Il est donc d’autant plus étonnant, dans un monde où « l’international » compte et rétroagit de plus en plus sur la scène nationale, dans une France où les citoyens ont un intérêt croissant pour la géopolitique, qu’il y ait si peu de débats sur les questions internationales dans le cadre de la campagne présidentielle. Y a-t-il de grands débats contradictoires ou enflammés sur la nature de la relation que nous devons avoir avec la Chine, les États-Unis ou la Russie, sur les relations à établir avec l’Afrique, sur la façon de considérer la montée en puissance de la Chine et de l’Asie, sur les conséquences du développement de l’intelligence artificielle, sur la place de la France dans le monde ou sur la réponse globale à apporter au réchauffement climatique ? Non. On voit que la plupart des débats sur l’international sont limités aux supposées menaces liées à la place de l’islam ou aux flux migratoires. Ce ne sont pas les sujets qui comptent le plus pour les Français, ce ne sont pas non plus les sujets qui vont définir notre rôle dans le monde. Malheureusement, ce ne sont pas de ces grands sujets géopolitiques, ceux qui vont configurer notre avenir, ceux qui vont avoir une importance directe sur notre influence, sur l’avenir de notre pays, dont s’emparent la plupart, si ce n’est tous les candidats à l’élection présidentielle.
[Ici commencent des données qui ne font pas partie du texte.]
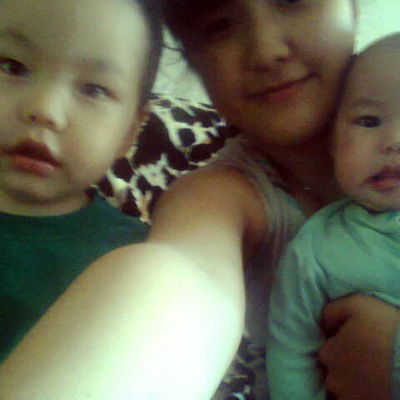 Арай Арыспаева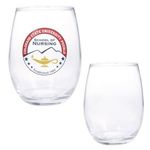 15 Oz. Wine Glass -  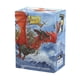 thumbnail image 1 of Fundas de cartas Dragon Shield Mate 100 uds The Raid, 1 of 5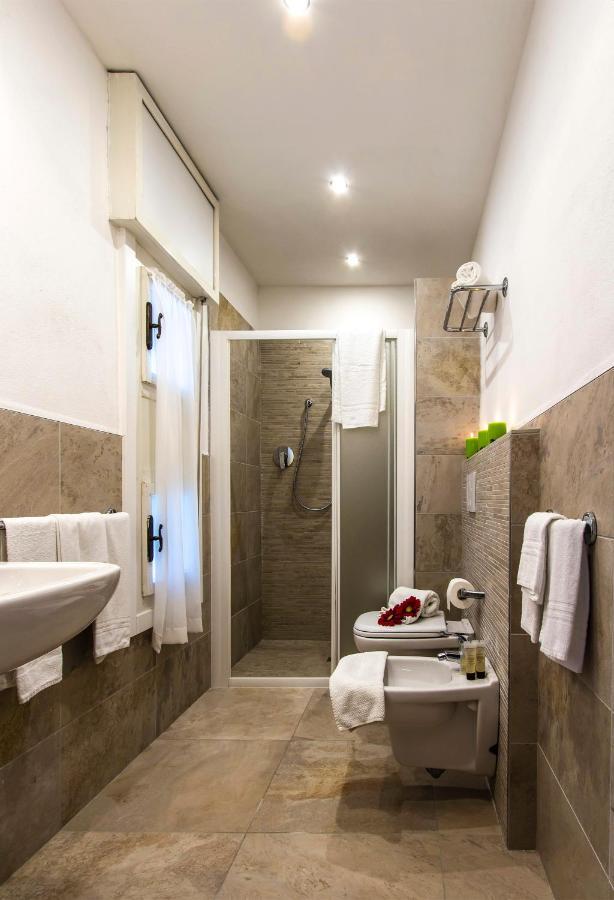Hotel Villa Sole Resort Bellaria-Igea Marina Esterno foto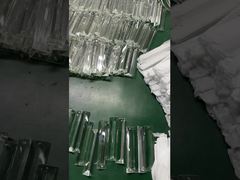 モダンLED 36灯シャンデリア 高天井用 玄関 階段用吊り下げ照明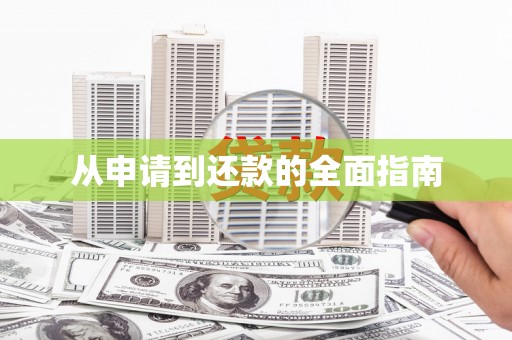 开鲁从申请到还款的全面指南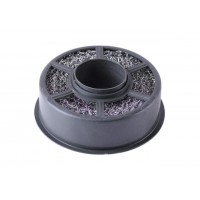 Элемент фильтрующий воздуха в сборе с ободом пластиковым DL190-12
Nos débats sur notre politique extérieure, sur la place que la France doit avoir dans le monde, ne peuvent se limiter aux flux migratoires et à la place de l’islam parce que, si ce sont des sujets importants, ils ne sont qu’un parmi de nombreux autres qui ont un impact beaucoup plus grand sur notre puissance, sur notre influence et sur la façon dont nous allons aborder les défis géopolitiques.
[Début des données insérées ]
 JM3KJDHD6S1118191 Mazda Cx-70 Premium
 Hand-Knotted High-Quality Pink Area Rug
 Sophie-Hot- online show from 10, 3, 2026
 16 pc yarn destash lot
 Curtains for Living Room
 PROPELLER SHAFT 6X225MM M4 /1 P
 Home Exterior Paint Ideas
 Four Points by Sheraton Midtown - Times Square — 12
Par ailleurs, nos débats intérieurs ont une influence sur la perception que le reste du monde a de nous. Lorsque les candidats débattent entre eux, lorsque les experts débattent entre eux, ils ne s’adressent pas qu’aux Français. Dans un monde globalisé, le monde entier a une perception des débats internes à la France. Nous pouvons constater un fait indéniable : notre pays, qui était le pays occidental le plus populaire particulièrement dans le monde arabo-musulman, mais également en Afrique et en Amérique latine, l’est nettement moins aujourd’hui. Cela s’explique certainement par l’image que nous donnons à l’étranger : celle d’un pays de plus en plus renfermé sur lui-même, qui rejette les autres, l’étranger, ce qui est extérieur. Nous sommes ainsi en train de devenir l’un des pays occidentaux les plus impopulaires dans le reste du monde. Cela est aussi la conséquence d’un rétrécissement de nos débats sur la place de la France dans le monde. Il est vraiment temps avant l’élection que nous ayons de nouveau des débats qui prennent de la hauteur, qui nous fassent monter en puissance, qui nous donnent des perspectives sur ce que doit être la France vis-à-vis du reste du monde, sur la façon dont nous pouvons de nouveau rayonner, dont nous pouvons développer nos capacités. Ne faisons pas l’erreur de penser que nos débats n’ont aucune conséquence sur la perception de notre pays à l’étranger. Si nous voulons retrouver une partie de notre attractivité perdue, nous avons intérêt à prendre de la hauteur et avoir des débats de qualité qui donnent de la France une image d’un pays ouvert, conscient de ses responsabilités, conscient des enjeux internationaux et qui n’est pas une caricature de lui-même. La France n’est pas n’importe quel pays, elle a un rôle spécifique, elle est perçue comme telle dans le reste du monde. Nous ne devons pas perdre cette spécificité. Nous devons susciter l’envie chez les autres, c’est cela qui nous permet de peser plus que notre poids réel. C’est un enjeu majeur, il est de la responsabilité des différents candidats de s’en emparer.